Methods: Prospective, observational study of a convenience sample of adult ED patients receiving intravenous fluid bolus. We assessed stroke volume (SV) using NICOM and obtained results from PLR, where the head of the bed was changed from semirecumbent to supine while the patients' legs raised to 45° for 3 minutes. Fluid bolus was defined as 5 mL/kg normal saline infusion. Maximal increase in SV was recorded. Fluid responsiveness was defined as an increase of SV greater than 10% from baseline. We obtained 4 consecutive responses for each patient; PLR1, PLR2, BOLUS1 separated each by 10 minutes, and BOLUS2 initiated immediately after the end of BOLUS1. We calculated κ statistics, correlation coefficients, and odds ratios with 95% confidence interval and Bland-Altman plots.
Results: We enrolled 109 patients enrolled in this study. The 2 PLRs were significantly correlated (r = 0.78, P < .001) with κ = 0.46 for FR (P < .001). The 2 BOLUSES less strongly correlated (r = 0.14, P = .001) and κ = 0.06 for FR (P < .001). Patients who were responsive to PLR1 had 9.5 (3.6-25) odds of being FR for PLR2, whereas those responsive to BOLUS1 had a 1.8 (0.76-4.3) increased odds of FR for BOLUS2.

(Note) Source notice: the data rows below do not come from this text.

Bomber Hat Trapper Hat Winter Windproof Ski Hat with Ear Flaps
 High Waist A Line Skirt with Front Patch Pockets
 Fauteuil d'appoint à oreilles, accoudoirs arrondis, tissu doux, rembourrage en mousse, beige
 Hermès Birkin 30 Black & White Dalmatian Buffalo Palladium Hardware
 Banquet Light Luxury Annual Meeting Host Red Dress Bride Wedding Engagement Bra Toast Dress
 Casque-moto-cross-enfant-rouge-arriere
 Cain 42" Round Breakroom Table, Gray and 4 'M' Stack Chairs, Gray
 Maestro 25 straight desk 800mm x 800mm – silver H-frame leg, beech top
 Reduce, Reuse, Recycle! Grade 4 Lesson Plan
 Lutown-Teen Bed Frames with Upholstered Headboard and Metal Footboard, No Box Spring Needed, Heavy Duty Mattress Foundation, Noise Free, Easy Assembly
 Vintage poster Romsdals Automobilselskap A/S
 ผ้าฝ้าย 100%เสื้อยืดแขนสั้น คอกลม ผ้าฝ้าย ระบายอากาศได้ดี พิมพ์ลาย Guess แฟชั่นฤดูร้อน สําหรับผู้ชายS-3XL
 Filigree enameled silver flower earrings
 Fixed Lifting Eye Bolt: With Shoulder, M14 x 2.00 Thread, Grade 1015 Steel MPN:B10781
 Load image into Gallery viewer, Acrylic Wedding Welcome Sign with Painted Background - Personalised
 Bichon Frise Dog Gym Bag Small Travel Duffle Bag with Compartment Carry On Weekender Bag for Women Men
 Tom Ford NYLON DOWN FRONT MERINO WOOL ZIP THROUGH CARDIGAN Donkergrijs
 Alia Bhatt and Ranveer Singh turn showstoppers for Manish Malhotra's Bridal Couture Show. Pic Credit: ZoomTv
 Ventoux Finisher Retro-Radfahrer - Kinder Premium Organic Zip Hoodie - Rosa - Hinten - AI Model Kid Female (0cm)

Conclusion: In conclusion, we have found PLR as measured by the NICOM to be a promising tool for the evaluation of SV responsiveness. It was feasible for use in the ED, and the data suggest that the PLR technique may be more reproducible than the fluid bolus technique for assessing volume responsiveness.
Keywords: Fluid bolus; Fluid responsiveness; Fluid resuscitation; Noninvasive monitoring; Passive leg raise.